This is what God wants us to have: health and refreshment to our souls. It is a great mercy when God rests his hand heavy upon us because we are living dishonestly. And the longer we walk with him, the more rigorously he demands we live truthfully before him. He wants truth to reign in every part of us because he wants us to enjoy full freedom — to increasingly know him. And we can never really know God until we are willing to be truthful with him and for him.

Honesty Is Just the Beginning

God loves honesty. But honesty is often just the beginning of living truthfully. Because being honest doesn’t necessarily mean we believe what is true. It merely means we speak and live consistently with what we do believe — however consistent or inconsistent what we believe is with reality.

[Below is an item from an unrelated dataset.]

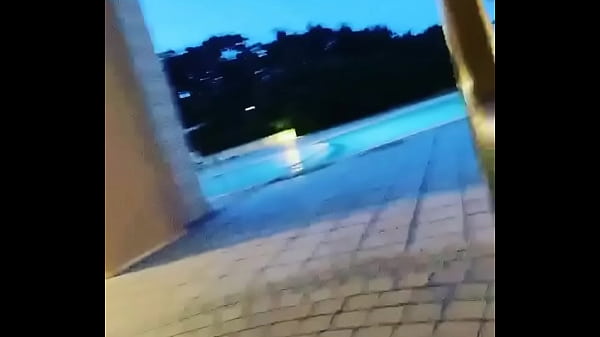  Together At The Night Pool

Honesty is being true to one’s actual convictions. But one’s actual convictions might not be true. It is possible for us to be honest and wrong at the same time.

In fact, the relief of finally being honest, even if what we are being honest about is wrong, can feel emancipating. We’ve all experienced or witnessed this. When someone who has been secretly struggling with homosexuality finally comes out and embraces it, it often feels wonderful and freeing. Or when someone who has professed faith in Christ secretly stops believing the reality of Christianity, it can be a great relief to finally admit it and stop pretending. Or when a spouse has secretly been committing adultery, it can feel liberating to bring it out into the open, even if they are not repentant. What each of these people experiences is a sense of being true to themselves, even if what they actually believe isn’t true and right.

We are made to live with integrity — where our inner beings align with our outer beings. That makes honesty the beginning of the real work. God does want us to be honest, even when what we really believe is not good. It’s better to be honest than deceptive. But that’s not the honesty God is after — to honestly believe something that’s false. That kind of honesty won’t set us free. Truth is what sets us free. God’s truth. The God who is the truth.

Honest to God

God delights when truth reigns in our inmost being (Psalm 51:6). And Jesus said, “I am the way, and the truth, and the life. No one comes to the Father except through me” (John 14:6). It is Jesus — not our disordered and broken psyches, desires, bodies, and pasts — that determines who we are and how we should live. He is the truth and the way. We cannot really be true to ourselves until our selves derive their identity, purpose, and destiny from the Father through Jesus.

Being honest to God is openly admitting who we really are and no longer living out of the fear of man. But it is more than that. It is repenting of the pride that has fueled our deceptive ways of living, whatever that might mean. And it is laying down before our merciful King Jesus all our old, sinful, defective beliefs about what it means to be significant and worthy and “enough.” And it is embracing his truth, however difficult and painful that embrace might feel at first.

What God is after in this truly honest surrender is to give us the greatest joy possible: himself. He wants to align our inner beings and our outer beings with his being. And this alignment only happens when we lay aside our foolish pride and humble ourselves under his mighty hand (1 Peter 5:6), for he knows how and when to exalt us in ways that will blow our minds and increase our joy — in him.